Because this film is not the dogmatic rhetorical shite that you want it to be.

Bosco B Thug
10-21-2010, 07:56 PM
No, not a put down, just incorrect. Ray never made a film close to Godfather I or II or Apocalypse Now. Arguableee. But of course you know this.

Apocalypse Now is a fine movie, though.

Ivan Drago
10-21-2010, 08:50 PM
To this day I will never understand why it took me 22 years to see The Exorcist for the first time. Fucking amazing film.

MadMan
10-21-2010, 09:27 PM
Having seen AN 3-4 times, I have to say that based on what baby doll has posted about the movie I think he completely missed the point of the whole thing. I hate to say it, but I believe it to be true. Maybe he went on to say further things about the characters, but if he thinks that Kurtz and Kilgore exist to say "If only we'd done this and that we'd won the war," then he watched a completely different movie than I did. I came away feeling what Coppola wanted me to feel: that these guys were utterly insane. But okay...

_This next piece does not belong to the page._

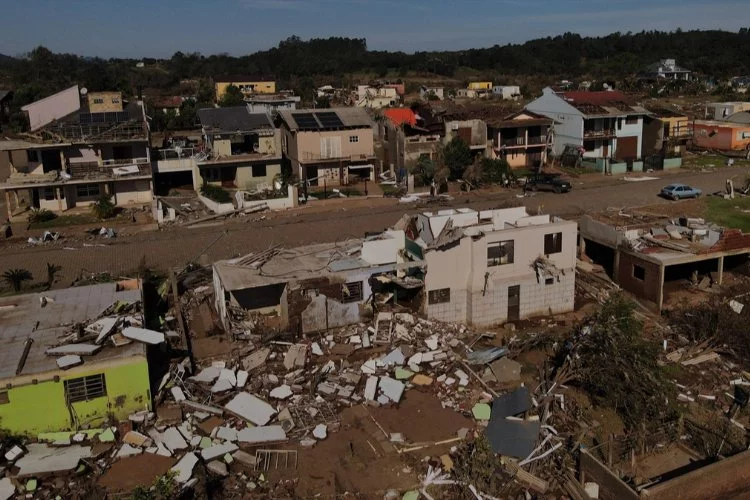 Brezilya'daki sel felaketi: 107 ölü, onlarca kayıp var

PS: My review of the movie states how I feel about it, and what I think. And hey, its whoring out my own work. Hurray!

http://www.match-cut.org/showpost.php?p=226782&postcount=55

soitgoes...
10-21-2010, 10:21 PM
Weekend:

Inherit the Wind (Kramer)
The Lion in Winter (Harvey)
The Diamond Arm (Gaidai)
Salvatore Giuliano (Rosi)
Catfish
Animal Kingdom

Spinal
10-22-2010, 12:34 AM
Kuroneko is opening at a Portland cinema in early November. Anyone else getting this in their town? Is this one of those pre-DVD tours? Cause it's a great movie.

Derek
10-22-2010, 12:43 AM
Kuroneko is opening at a Portland cinema in early November. Anyone else getting this in their town? Is this one of those pre-DVD tours? Cause it's a great movie.

Coming to LA 2 weeks after Portland. Janus picked it up, so it'll most likely get a Criterion. Been wanting to see this for a while since I love what I've seen from Shindo.

Spinal
10-22-2010, 12:44 AM
Janus picked it up, so it'll most likely get a Criterion.

I had a feeling.

soitgoes...
10-22-2010, 12:54 AM
I probably prefer Onibaba to Kuroneko when comparing Shindô horror.

endingcredits
10-22-2010, 12:59 AM
Weekend:

ten (Kiarostami)
On The Silver Globe (Zulawski)

Qrazy
10-22-2010, 01:08 AM
Kuroneko is opening at a Portland cinema in early November. Anyone else getting this in their town? Is this one of those pre-DVD tours? Cause it's a great movie.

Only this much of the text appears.